Le président afghan sortant Hamid Karzaï a justifié dimanche sa politique controversée d'alliances avec les chefs de guerre par la défense de l'intérêt national et la paix, lors de son premier débat télévisé à quatre jours des élections présidentielle et provinciales.

«J'ai défendu l'intérêt national, l'unité. Je l'ai fait (...) pour protéger l'Afghanistan et mettre fin à la guerre. Je ferai de même jusqu'à ce que j'arrive à ramener la paix totale dans le pays», a déclaré M. Karzaï au cours de ce débat, qui l'a opposé pendant une heure et demie à deux de ses principaux rivaux, ses anciens ministres Ashraf Ghani et Ramazan Bashardost.

M. Karzaï, chargé en 2001 par l'Occident de mener son pays sur la voie de la démocratie puis élu en 2004, est critiqué pour avoir scellé des alliances avec des chefs de guerre accusés de crimes entre 1992 et 2001, voire aujourd'hui encore, pour s'assurer le vote de leurs communautés à l'élection présidentielle de jeudi.
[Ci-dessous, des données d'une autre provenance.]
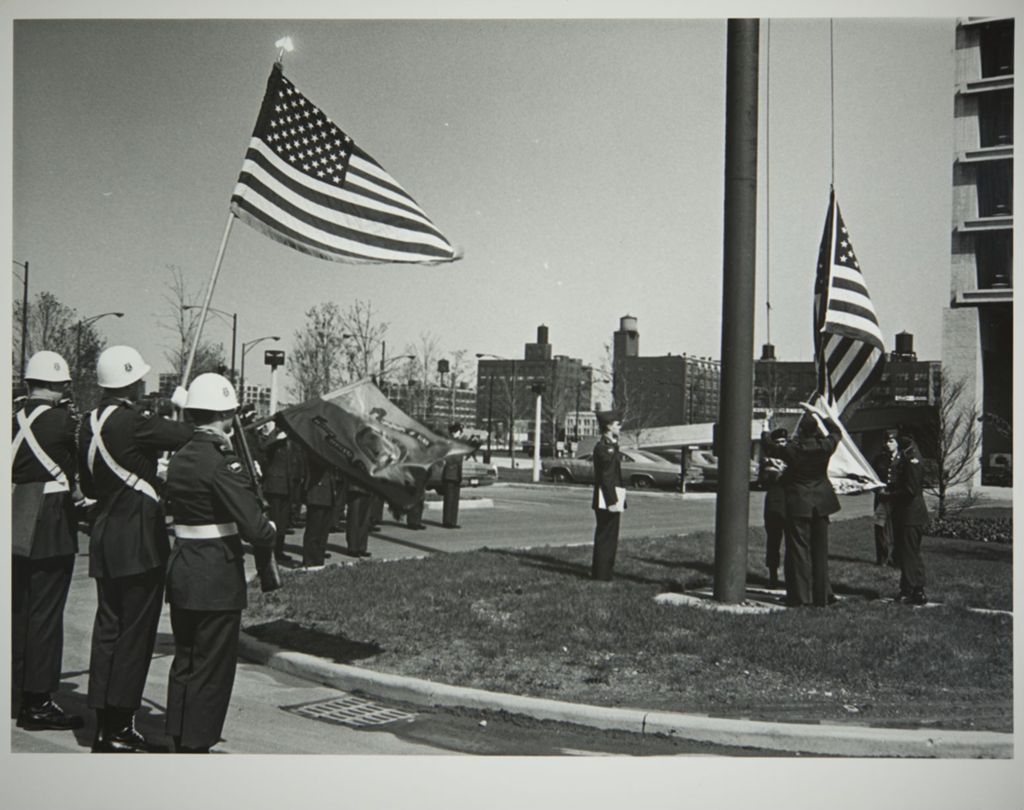 Miniature of Student Reserve Officer Training Corps (ROTC) members raising a flag on campus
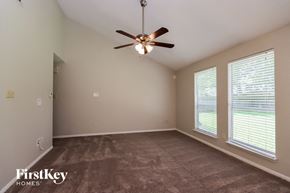 Spring house for rent - A room with a ceiling fan and carpeted floor.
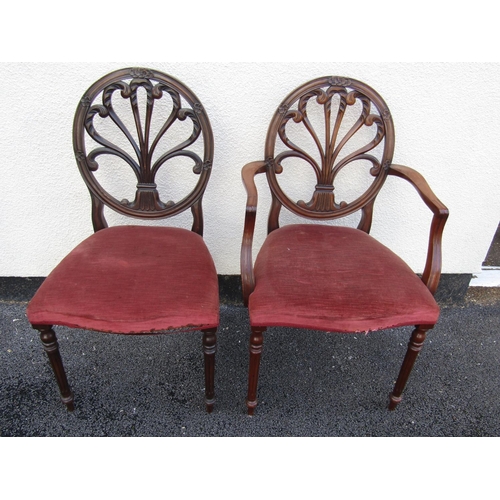 2450 - A set of ten (8+2) George III style dining chairs, with carved backs and stuff over seats, raised on...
Ses deux adversaires n'ont pas manqué de le lui rappeler.

«Je n'ai pas passé d'accord avec un seul chef de guerre, n'ai pas offert de ministère, de poste de gouverneur ou de partie de l'Afghanistan à un seul d'entre eux», a souligné l'ancien ministre des Finances Ashraf Ghani.

 «Les chefs de guerre ont aujourd'hui le rôle principal dans la campagne (de Karzaï, ndlr), l'un des leurs en est même le vice-président, et cela, le peuple d'Afghanistan ne peut l'accepter», a déclaré l'ancien ministre du Plan Ramazan Bashardost.

Il faisait allusion au chef de guerre tadjik Mohammad Qasim Fahim, colistier de Karzaï, accusé de crimes par des organisations de défense des droits de l'Homme.

«Si un seul de ces chefs de guerre a oppressé le peuple» depuis trente ans, «sa présence au gouvernement est inacceptable», a ajouté M. Bashardost

«Si je mentionne des noms, cela va se finir en combats de bouteilles», a-t-il poursuivi à propos du gouvernement Karzaï et sous les rires, en référence à certains débats houleux ces dernières années au parlement afghan, où les adversaires se sont envoyés des bouteilles d'eau minérale à la figure.

«Je me présente à nouveau car j'ai acquis de l'expérience», mais «malgré d'important progrès, le pays est toujours confronté à d'énormes problèmes», avait auparavant déclaré M. Karzaï. «J'ai la tolérance et la vision», a-t-il affirmé, en mettant en avant les progrès faits ces dernières années notamment en matière d'éducation, d'emploi et d'économie.

M. Bashardost a répondu que la croissance économique revendiquée par M. Karzaï était principalement nourrie par la drogue.

Le président a réaffirmé son souhait d'un changement de la stratégie internationale pour éviter les victimes civiles dans les combats, ce qu'il demande en vain depuis plusieurs années à ses alliés étrangers.

L'économiste Ghani a de son côté mis en avant la qualité de son programme de développement «sur 10 ans, sur 20 ans» et son expérience internationale.

Selon un sondage publié vendredi par un institut américain, M. Karzaï serait en tête au premier tour de la présidentielle le 20 août, avec 44% des intentions de vote, devant son ancien ministre des Affaires étrangères Abdullah Abdullah (26%), suivi de Ramazan Bashardost (10%) et Ashraf Ghani (6%).

Abdullah Abdullah n'était pas présent au débat de dimanche, pour une raison qui n'a pas précisée.